__GOAL OF THE EXERCISE__: If a record contains a picture, leave the picture out and copy everything else exactly.

__SUPPLIED DATA__:
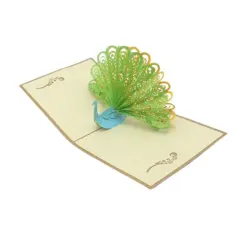 Kitcheniva 3D Peacock Pop Up Greeting Christmas Card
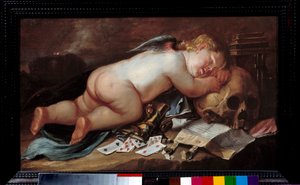 Uwielbiam spać na głowie śmierci. Obraz (Vanite) Pietera Moninckxa (1606-1686) Ec. Bujda. autorstwa Pieter Moninckx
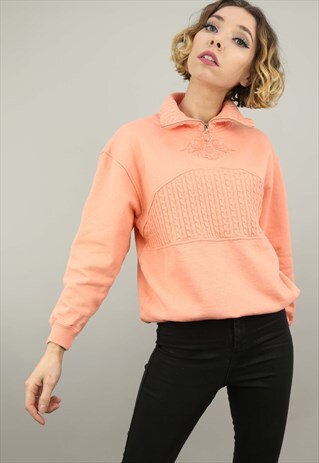VINTAGE 80S/90S OVERSIZED PINK EMBROIDERED SWEATER TOP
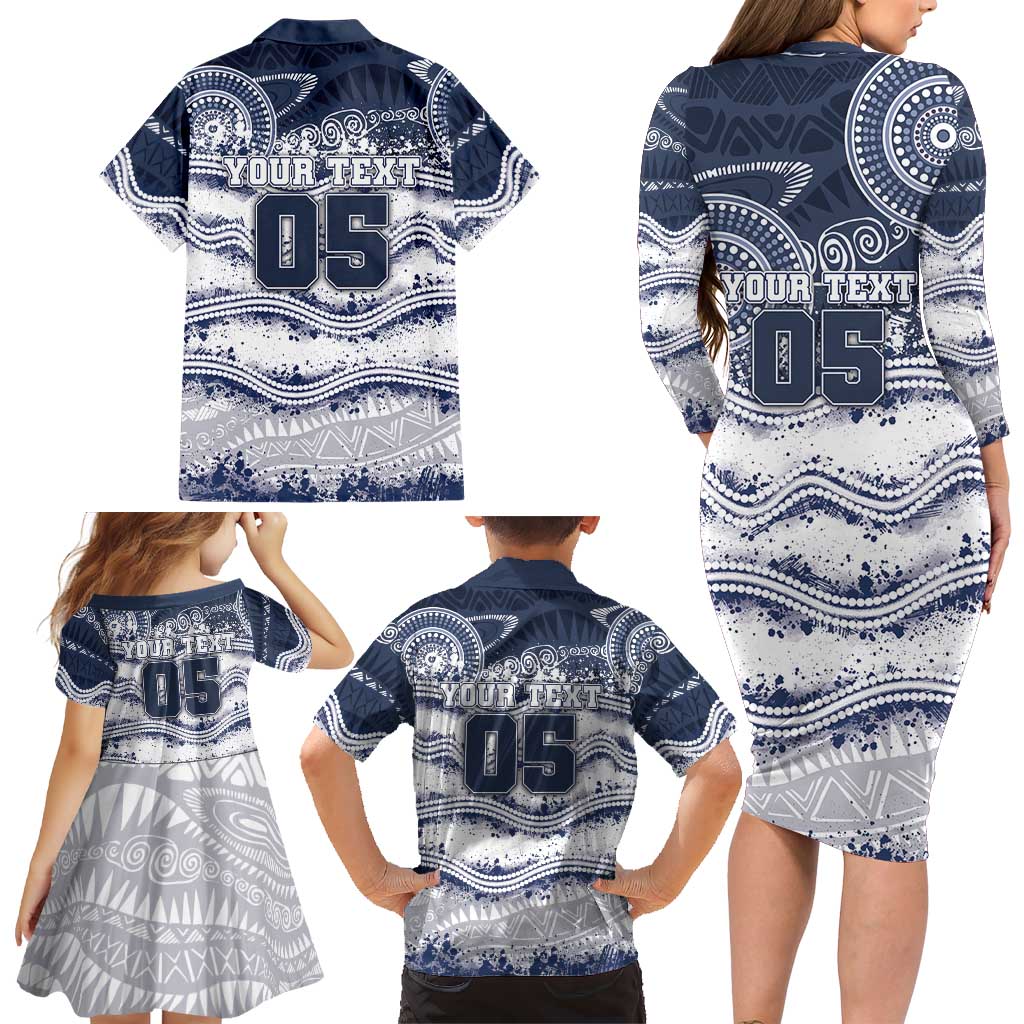 Custom Geelong Navy Family Matching Long Sleeve Bodycon Dress and Hawaiian Shirt Playful Cat Kicking Ball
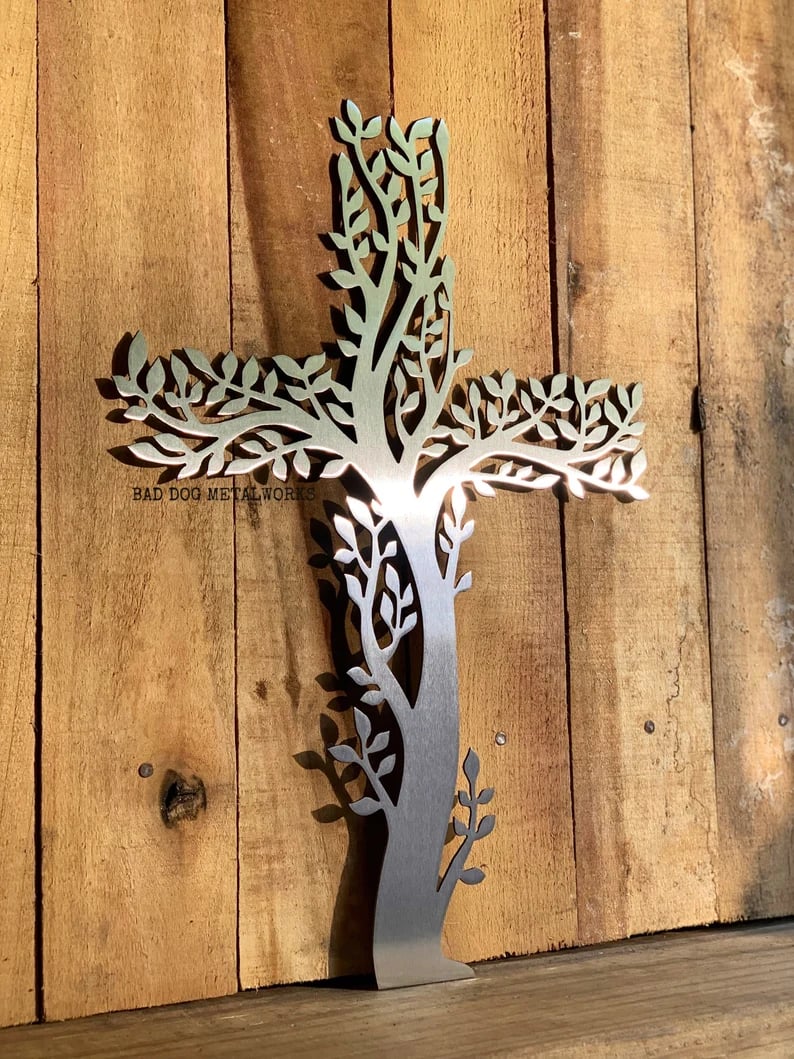 🏆 🌳 Life Tree Cross Metal Decoration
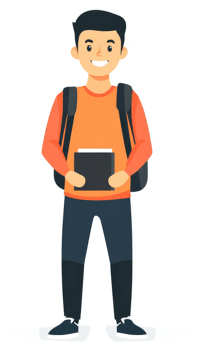 A happy student carrying books and a backpack. png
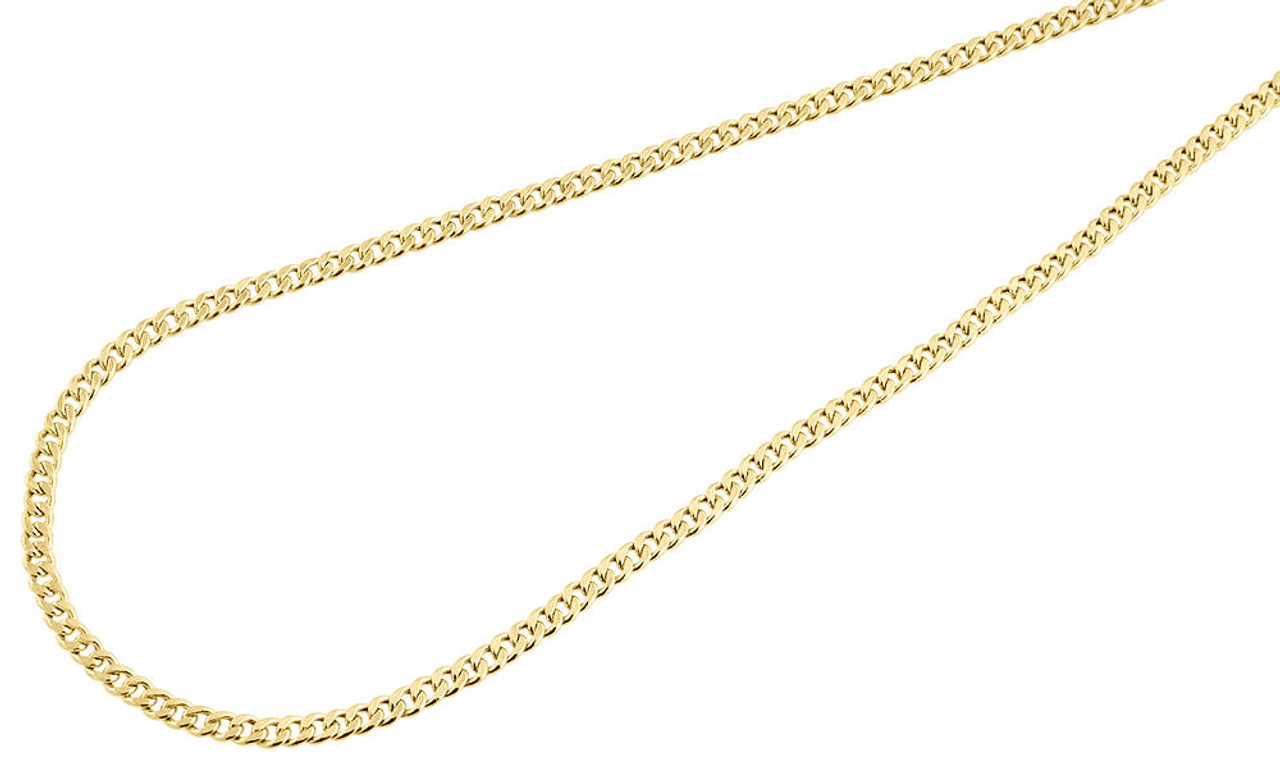Men's or Ladies 10k Yellow Gold Flat Cuban Chain 2.40mm Necklace 16-26 Inches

__TASK OUTPUT__:
 Kitcheniva 3D Peacock Pop Up Greeting Christmas Card
 Uwielbiam spać na głowie śmierci. Obraz (Vanite) Pietera Moninckxa (1606-1686) Ec. Bujda. autorstwa Pieter Moninckx
VINTAGE 80S/90S OVERSIZED PINK EMBROIDERED SWEATER TOP
 Custom Geelong Navy Family Matching Long Sleeve Bodycon Dress and Hawaiian Shirt Playful Cat Kicking Ball
 🏆 🌳 Life Tree Cross Metal Decoration
 A happy student carrying books and a backpack. png
Men's or Ladies 10k Yellow Gold Flat Cuban Chain 2.40mm Necklace 16-26 Inches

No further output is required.